Every agent effectively becomes a new identity with permissions, context, and autonomy. Unlike human users, these identities operate continuously, at machine speed, and often across multiple systems simultaneously.
This introduces new failure modes:
- Over-permissioned agents accessing sensitive data
- Orchestration chains that escalate privileges unintentionally
- Cross-system automation loops that propagate errors
Taken together, these failure modes show that resilience is shifting from reacting to incidents to continuous readiness and clean recovery, with the requirement to be owned at the executive board level.
This requires three connected capabilities:
- Resilience for identity systems. Agent identities must be centrally governed, continuously monitored, and kept within least privilege constraints. Without this, autonomous systems accumulate unchecked authority across the enterprise.
- Protection and anomaly detection. As agentic systems operate at scale with data sources across on-premises, hybrid, and cloud environments, the data must be continuously validated and protected against corruption or manipulation.
- Cyber recovery must extend to AI systems themselves. Organisations need the ability to restore clean versions of both data and autonomous agents, including a known-good operational state, often referred to as a Minimum Viable Company (MVC), to ensure continuity after compromise.

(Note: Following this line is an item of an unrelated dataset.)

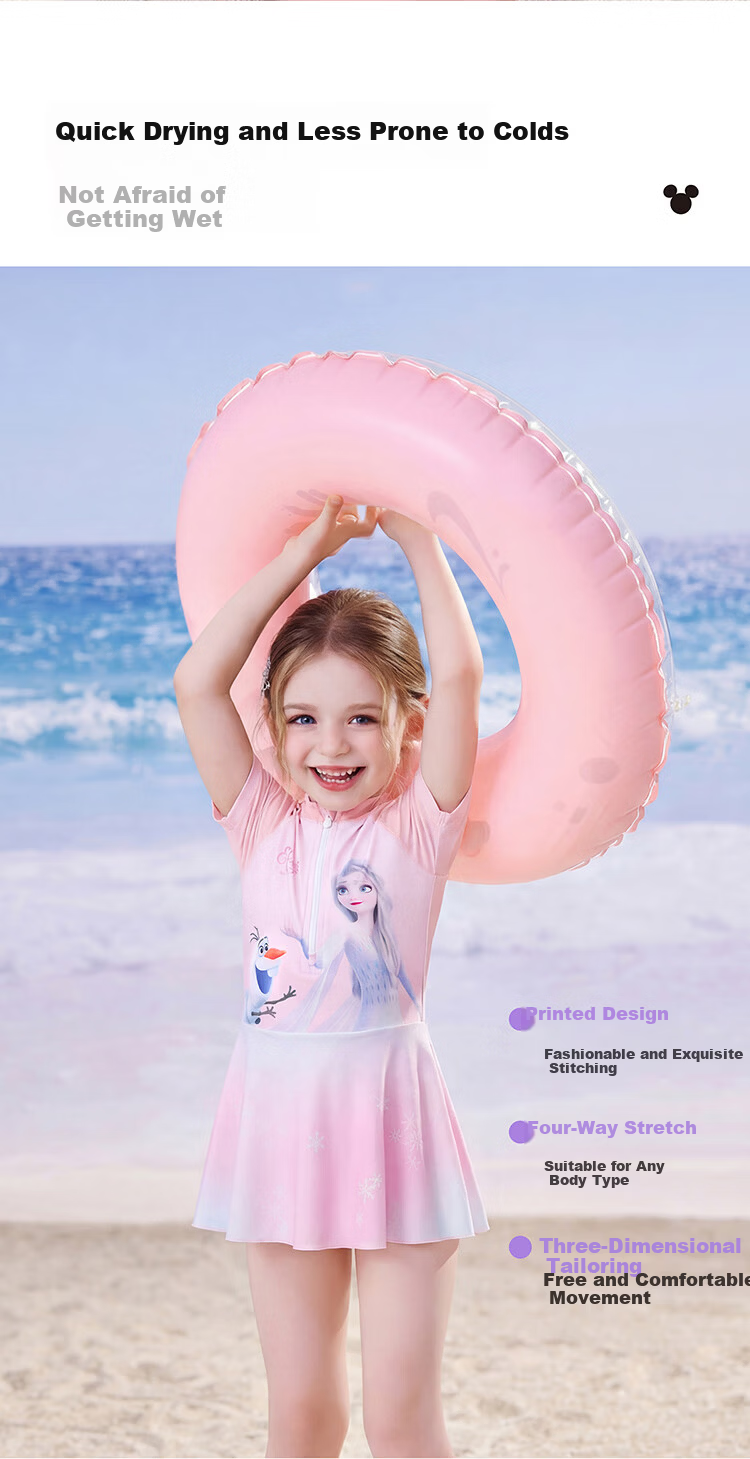 Disney Girls' One-Piece Swimsuit, Princess Dress Style Swimwear for Children D36543S2F Pink Elsa 110 3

Without this, autonomous systems amplify risk faster than traditional recovery models can respond.
The Real Lesson from Pokémon
Pokémon GO is not just a consumer tech success story. It shows how modern AI infrastructure is quietly built from mass participation and long-term data accumulation, with unexpected reuse over time.
What begins as entertainment becomes infrastructure. What looks like noise becomes training data. And what feels optional becomes foundational.
Agentic AI is following the same trajectory, but in enterprise systems – where the stakes are far higher and exposure is growing beyond organisations’ ability to keep pace.